Arrêt au stand « accessoires »…

Dans la Galerie Sud, place à Paul Poiret. On est dans les années 1910. Le couturier officie dans des salons parisiens, situés avenue d’Antin. Ses créations se distinguent par la simplicité des lignes, tout en jouant avec les couleurs. Poiret « le Magnifique » - il tient ce surnom à son goût pour les fêtes costumées - veut libérer le corps. On continue de remonter le temps, avec un arrêt au stand « accessoires ». Ceux de l’Occupation. Au menu : semelles de bois articulées, chapeaux, besaces, boutons, foulards imprimés, tel celui imaginé par Jeanne Lanvin, en 1944, et baptisé « Liberté… liberté chérie ». La mode se fait leçon d’Histoire. Puis, retour au faste dans les années 1950, avec Christian Dior et son « New Look » : en 1958, la robe « Zéphyrine » pour Dior est signée d’un certain… Yves Saint Laurent.

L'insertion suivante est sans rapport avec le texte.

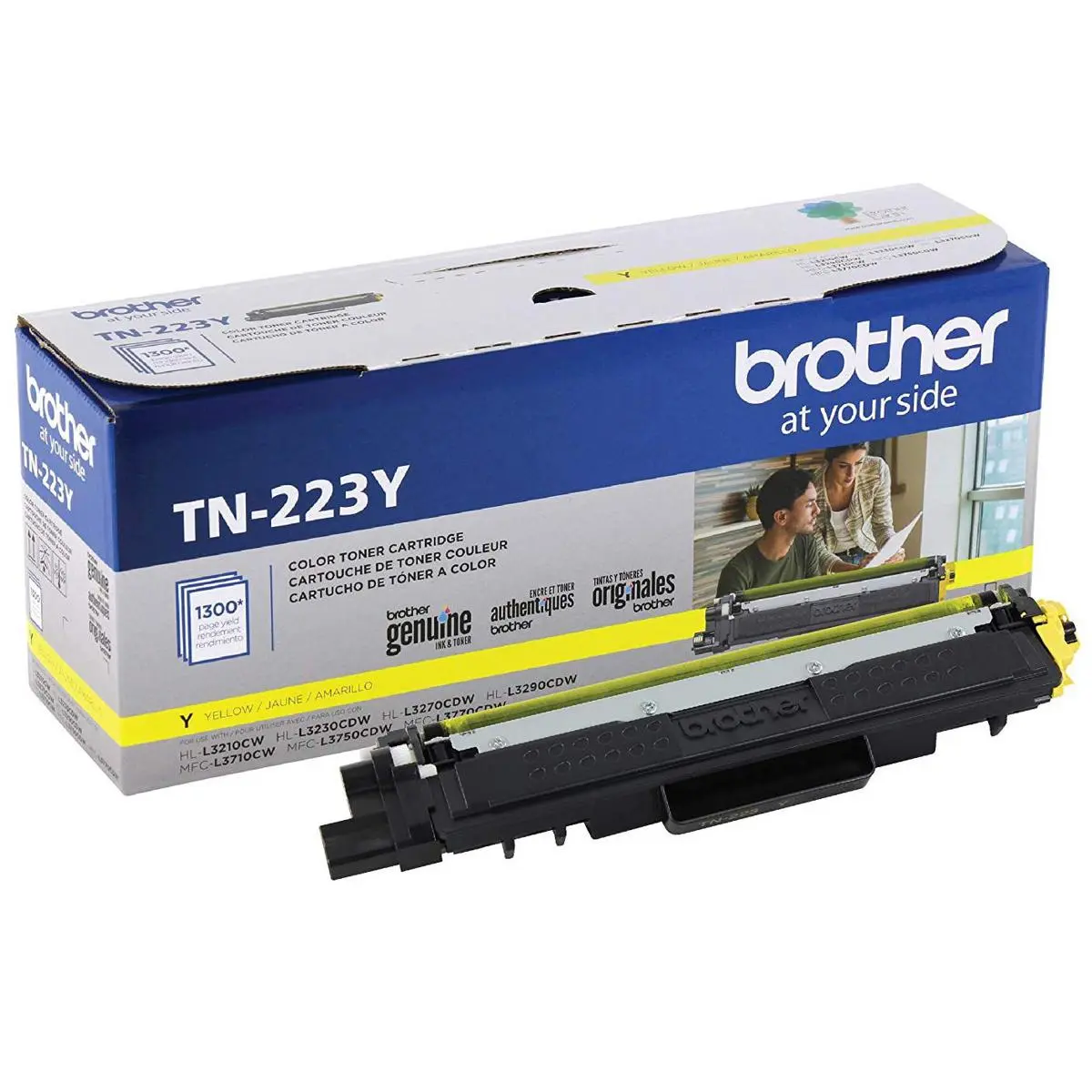 Genuine Brother TN223 Standard-Yield Yellow Toner Cartridge - 1300 Pages, Genuine Part, Compatible with Laser Printers, High-Yield Alternative Option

Le lin comme fil conducteur

Robe "Honfleur" (non griffée), 1921 - © Stanislas Wolff / Paris Musées, Palais Galliera

Plus on enchaîne les décennies, plus on retrouve des repères qui font encore la mode d’aujourd’hui. Avec notamment « les dissidents » que sont, à l’orée des années 1980, des talents tels que les japonais Yohji Yamamoto ou Rei Kawakubo – la créatrice de Comme des Garçons -, mais aussi les belges Ann Demeulemeester et Martin Margiela. À ne pas manquer non plus : les vitrines d’éventails, issus du fonds du musée qui en compte quelque 2 000 différents, datés du XVIIIe  au XXe siècle. Même curiosité pour les vêtements d’artistes, dont une veste en lin peinte à la main par Sonia Delaunay, en 1928. Le lin, autre fil conducteur de cette expo, dont la Confédération européenne du lin et du chanvre (CELC) est mécène. La matière se retrouve dans toute une sélection de vêtements, à commencer par la doublure d’une robe volante des années 1730, la robe « Honfleur » créée en 1921ou encore un tailleur d’été noir griffé Heim. La « green fashion » n’a donc pas attendu la COP26. Il y a belle lurette que la mode a repéré les qualités du lin, matière naturelle, sans déchet, ni OGM, qui se cultive sans irrigation. Enfin, parce que les collections de Galliera sont en nombre conséquent, mais aussi pour des raisons de conservation préventive, l’expo se scinde en deux parties, deux accrochages, deux raisons de venir et revenir au musée. Le premier épisode dure jusqu’au 13 mars 2022. Le second débute le 2 avril et s’étend jusqu’au 26 juin 2022. La mode se décode à Galliera et c’est bien fait pour nous.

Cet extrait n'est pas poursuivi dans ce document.